Task description: Set every line of the data down again exactly, and keep the pictures out.

(Source data)

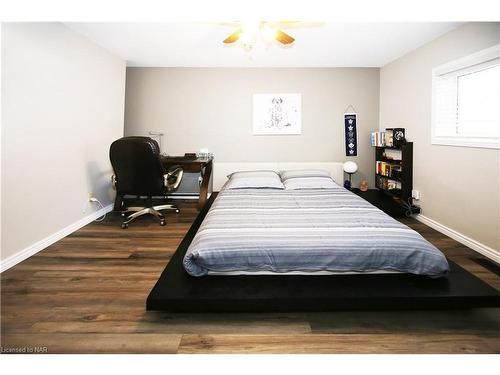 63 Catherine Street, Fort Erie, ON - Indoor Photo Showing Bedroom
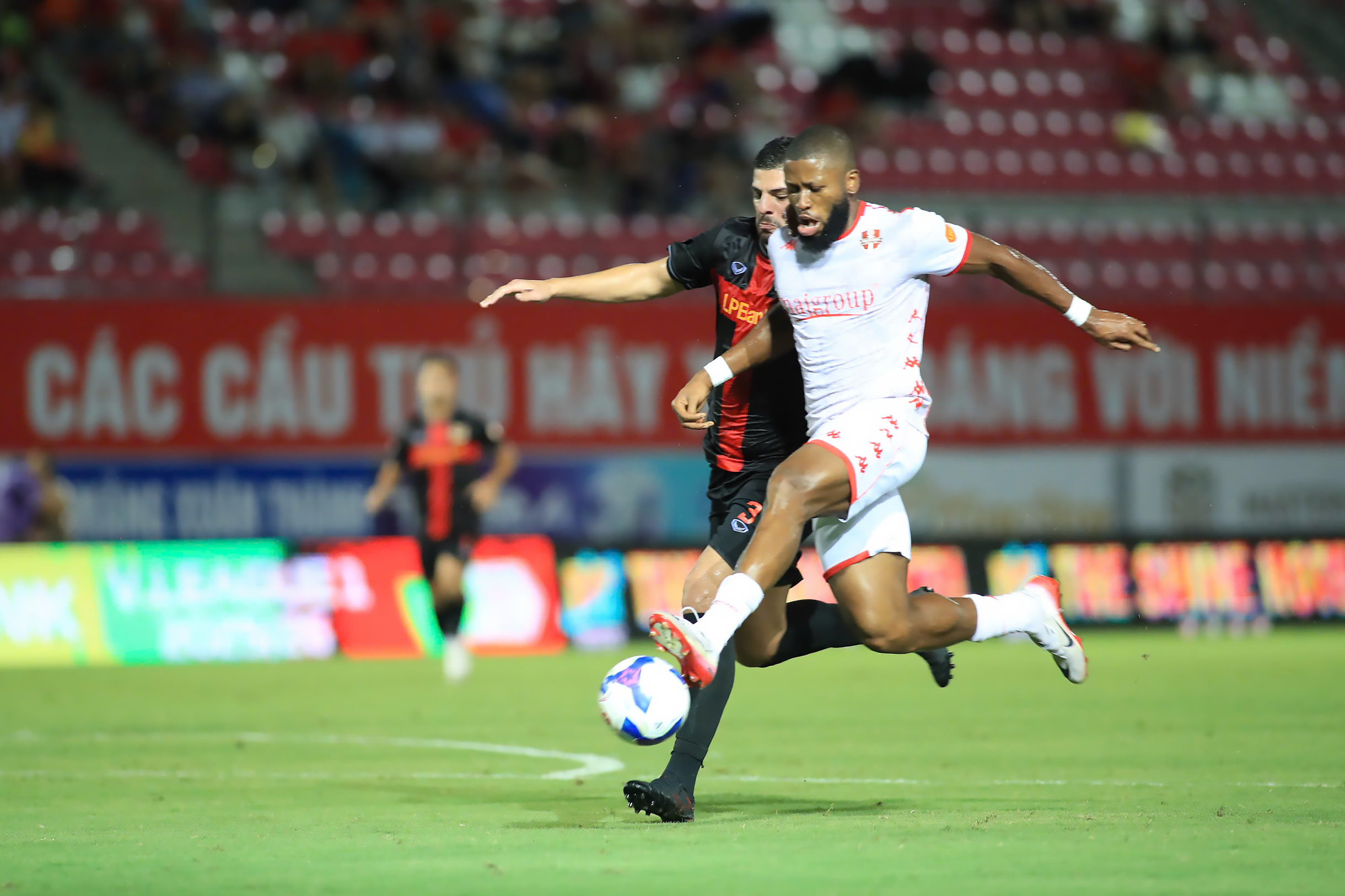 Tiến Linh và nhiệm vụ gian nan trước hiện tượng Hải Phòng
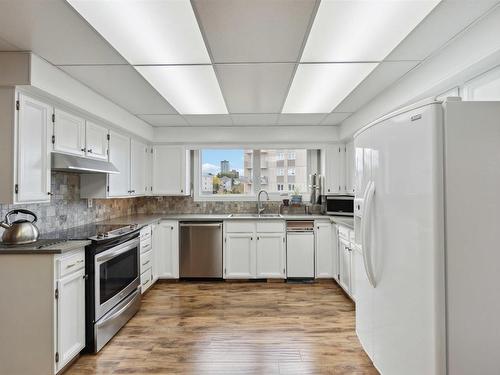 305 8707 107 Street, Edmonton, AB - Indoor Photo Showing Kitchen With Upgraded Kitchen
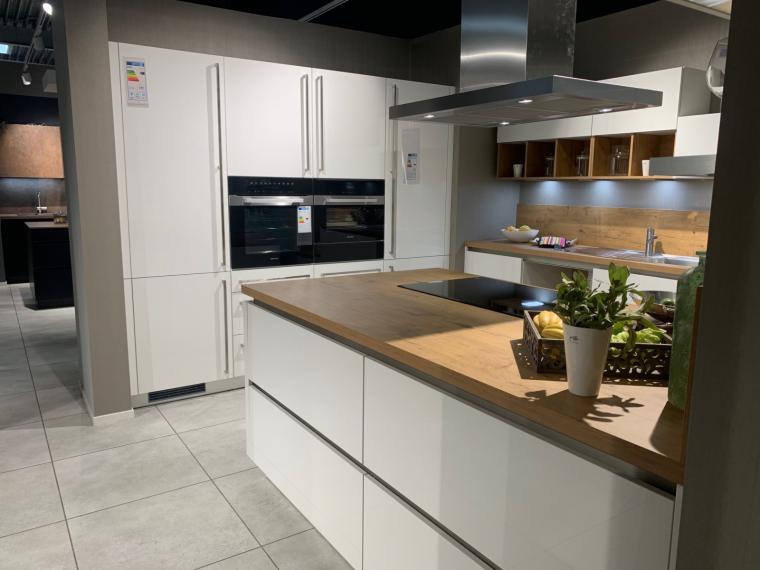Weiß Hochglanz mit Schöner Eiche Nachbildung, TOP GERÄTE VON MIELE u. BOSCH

(End Source data)

Task response:
 63 Catherine Street, Fort Erie, ON - Indoor Photo Showing Bedroom
 Tiến Linh và nhiệm vụ gian nan trước hiện tượng Hải Phòng
 305 8707 107 Street, Edmonton, AB - Indoor Photo Showing Kitchen With Upgraded Kitchen
Weiß Hochglanz mit Schöner Eiche Nachbildung, TOP GERÄTE VON MIELE u. BOSCH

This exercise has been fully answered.